Provided material>
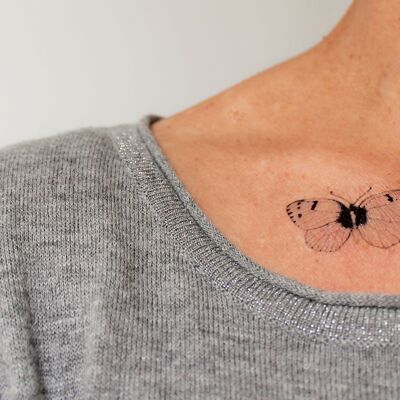 Tatuaggio temporaneo farfalla realistica in nero (set di 3)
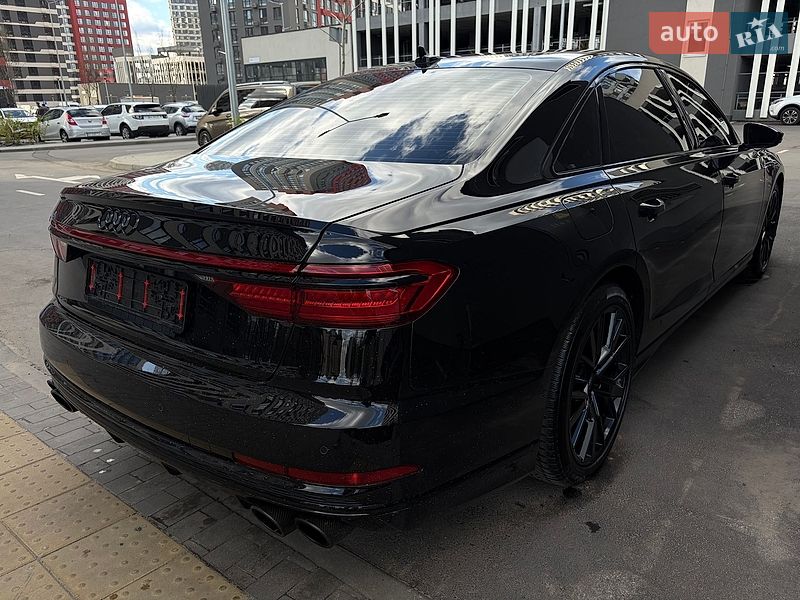 Седан Audi A8 2020 в Києві
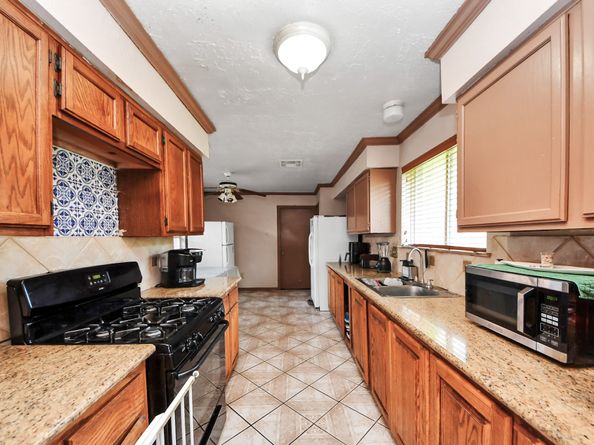 6714 Addicks Clodine Road, Houston TX 77083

Task description>
Give the data again exactly. Keep the images out.

Exercise answer>
 Tatuaggio temporaneo farfalla realistica in nero (set di 3)
 Седан Audi A8 2020 в Києві
 6714 Addicks Clodine Road, Houston TX 77083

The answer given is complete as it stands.